[R-sig-Geo] Current options for creating/querying vector data WITHOUT loading them into memory?

Roger Bivand Roger.Bivand at nhh.no
Fri Jan 17 20:22:50 CET 2014


On Fri, 17 Jan 2014, Jonathan Greenberg wrote:

> Across all vector formats, which do you think would be a good
> intermediate between in-memory Spatial* and PostGIS?  I'd put a few
> stipulations:
> 1) The format should be open source and supported by existing APIs 
> (OGR/rgeos)
> 2) It should be portable (file-based)
> 3) It should be "scalable" (able to support arbitrarily large vector 
> databases)

Could I ask for a range of use cases? The sp classes are designed for 
statistical analysis, so in general some hundreds of thousands of 
observations/features should suffice amply. The use cases should 
demonstrate which kinds of objects and functionalities are thought 
necessary. The fact that there is lots of data doesn't mean that it is all 
needed for analysis or inference, or even visualization, I think?

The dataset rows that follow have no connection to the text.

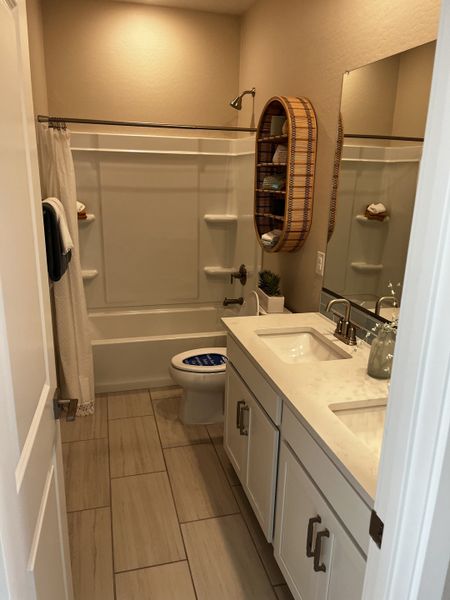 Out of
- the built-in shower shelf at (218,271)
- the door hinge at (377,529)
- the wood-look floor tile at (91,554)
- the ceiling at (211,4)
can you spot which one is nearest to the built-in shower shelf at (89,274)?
the built-in shower shelf at (218,271)

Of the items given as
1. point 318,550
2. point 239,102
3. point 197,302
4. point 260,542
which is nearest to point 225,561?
point 260,542

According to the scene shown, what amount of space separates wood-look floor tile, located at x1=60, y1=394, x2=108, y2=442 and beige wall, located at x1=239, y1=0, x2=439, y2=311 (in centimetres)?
147

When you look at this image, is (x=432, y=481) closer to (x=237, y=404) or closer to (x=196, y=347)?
(x=237, y=404)

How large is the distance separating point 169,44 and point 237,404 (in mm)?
2857

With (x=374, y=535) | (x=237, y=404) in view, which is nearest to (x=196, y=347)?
(x=237, y=404)

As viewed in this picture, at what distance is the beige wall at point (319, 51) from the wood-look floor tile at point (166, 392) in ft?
Answer: 3.87

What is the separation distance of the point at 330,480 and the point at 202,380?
5.17 ft

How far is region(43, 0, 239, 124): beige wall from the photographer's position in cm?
324

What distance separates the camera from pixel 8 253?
2.79 feet

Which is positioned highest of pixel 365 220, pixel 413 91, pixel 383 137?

Have you considered interfacing the OGR utilities from the system() call 
to subset features/fields?

I think that 2) - file-based - is moot, if there is that much data, it 
needs to be in a database system, possibly with an OGR driver, which OGR 
utilities could access.

Have you considered Terralib (now 4, the development version 5 will be 
closer to GDAL/OGR)? My intuition is that this is a viable solution.

We really also need to accommodate space-time objects in any significant 
revision, I think - or at least prepare object structures that are 
forward-looking with regard to temporal data.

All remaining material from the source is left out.